Work required: Find the line with "Meadow Brown (Maniola jurtina)-3.jpg" and the line with "Bergamasco Shepherd" in the entries below; output exactly those two lines, every line between them, and no others.

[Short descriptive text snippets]
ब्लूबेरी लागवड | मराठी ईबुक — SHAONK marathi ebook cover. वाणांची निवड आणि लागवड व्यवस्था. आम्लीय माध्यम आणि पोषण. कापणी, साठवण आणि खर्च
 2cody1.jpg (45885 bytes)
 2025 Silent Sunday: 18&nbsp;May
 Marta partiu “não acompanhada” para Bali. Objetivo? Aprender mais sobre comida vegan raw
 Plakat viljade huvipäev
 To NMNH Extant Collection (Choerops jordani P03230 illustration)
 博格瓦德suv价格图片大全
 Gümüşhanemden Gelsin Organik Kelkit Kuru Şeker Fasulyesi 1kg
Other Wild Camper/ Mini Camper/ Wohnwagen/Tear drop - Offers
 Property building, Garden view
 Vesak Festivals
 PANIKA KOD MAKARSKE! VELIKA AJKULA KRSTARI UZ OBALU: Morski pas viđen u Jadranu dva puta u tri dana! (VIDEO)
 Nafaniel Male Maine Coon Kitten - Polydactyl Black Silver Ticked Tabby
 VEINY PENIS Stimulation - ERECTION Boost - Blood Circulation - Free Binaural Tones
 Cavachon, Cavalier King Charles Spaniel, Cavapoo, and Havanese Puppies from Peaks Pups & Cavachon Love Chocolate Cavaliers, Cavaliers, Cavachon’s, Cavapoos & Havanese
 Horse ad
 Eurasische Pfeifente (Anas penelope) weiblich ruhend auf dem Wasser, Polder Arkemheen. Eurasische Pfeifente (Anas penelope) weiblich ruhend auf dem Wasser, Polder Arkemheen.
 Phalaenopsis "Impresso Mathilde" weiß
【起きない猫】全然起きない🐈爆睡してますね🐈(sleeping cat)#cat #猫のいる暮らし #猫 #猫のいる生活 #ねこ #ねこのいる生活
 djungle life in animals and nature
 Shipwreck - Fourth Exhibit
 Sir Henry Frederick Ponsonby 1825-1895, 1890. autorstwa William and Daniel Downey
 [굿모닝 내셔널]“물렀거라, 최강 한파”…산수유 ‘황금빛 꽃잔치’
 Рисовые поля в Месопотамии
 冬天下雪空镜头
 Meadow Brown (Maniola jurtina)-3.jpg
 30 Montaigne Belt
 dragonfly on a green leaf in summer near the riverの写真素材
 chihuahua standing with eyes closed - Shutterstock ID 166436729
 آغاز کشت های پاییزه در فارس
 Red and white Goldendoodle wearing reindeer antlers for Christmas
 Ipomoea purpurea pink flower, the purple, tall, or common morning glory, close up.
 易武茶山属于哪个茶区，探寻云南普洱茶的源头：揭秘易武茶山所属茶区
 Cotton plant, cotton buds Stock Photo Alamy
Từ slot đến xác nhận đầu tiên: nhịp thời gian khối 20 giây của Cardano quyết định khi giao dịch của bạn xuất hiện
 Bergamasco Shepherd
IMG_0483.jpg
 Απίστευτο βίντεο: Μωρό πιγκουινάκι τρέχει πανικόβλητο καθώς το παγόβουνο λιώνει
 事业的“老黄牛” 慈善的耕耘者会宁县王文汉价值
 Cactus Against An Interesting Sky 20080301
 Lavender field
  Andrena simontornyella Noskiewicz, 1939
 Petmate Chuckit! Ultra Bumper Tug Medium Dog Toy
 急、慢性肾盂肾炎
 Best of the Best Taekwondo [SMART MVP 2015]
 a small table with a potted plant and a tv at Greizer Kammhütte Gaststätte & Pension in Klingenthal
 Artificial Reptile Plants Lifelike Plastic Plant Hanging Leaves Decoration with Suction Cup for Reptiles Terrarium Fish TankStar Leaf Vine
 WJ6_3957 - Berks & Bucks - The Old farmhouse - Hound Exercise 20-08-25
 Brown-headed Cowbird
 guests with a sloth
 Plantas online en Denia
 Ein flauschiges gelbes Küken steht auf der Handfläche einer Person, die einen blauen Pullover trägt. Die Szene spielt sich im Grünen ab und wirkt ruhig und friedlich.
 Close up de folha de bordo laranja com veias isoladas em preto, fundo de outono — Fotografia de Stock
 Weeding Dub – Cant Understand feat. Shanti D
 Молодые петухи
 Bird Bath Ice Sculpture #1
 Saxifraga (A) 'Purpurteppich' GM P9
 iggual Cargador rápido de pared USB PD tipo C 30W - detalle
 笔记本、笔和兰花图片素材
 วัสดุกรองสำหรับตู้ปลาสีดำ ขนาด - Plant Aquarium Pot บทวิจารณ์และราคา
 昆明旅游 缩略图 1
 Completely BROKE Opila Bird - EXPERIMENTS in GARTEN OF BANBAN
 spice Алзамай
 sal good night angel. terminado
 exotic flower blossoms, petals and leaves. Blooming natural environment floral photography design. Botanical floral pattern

Output:
 Meadow Brown (Maniola jurtina)-3.jpg
 30 Montaigne Belt
 dragonfly on a green leaf in summer near the riverの写真素材
 chihuahua standing with eyes closed - Shutterstock ID 166436729
 آغاز کشت های پاییزه در فارس
 Red and white Goldendoodle wearing reindeer antlers for Christmas
 Ipomoea purpurea pink flower, the purple, tall, or common morning glory, close up.
 易武茶山属于哪个茶区，探寻云南普洱茶的源头：揭秘易武茶山所属茶区
 Cotton plant, cotton buds Stock Photo Alamy
Từ slot đến xác nhận đầu tiên: nhịp thời gian khối 20 giây của Cardano quyết định khi giao dịch của bạn xuất hiện
 Bergamasco Shepherd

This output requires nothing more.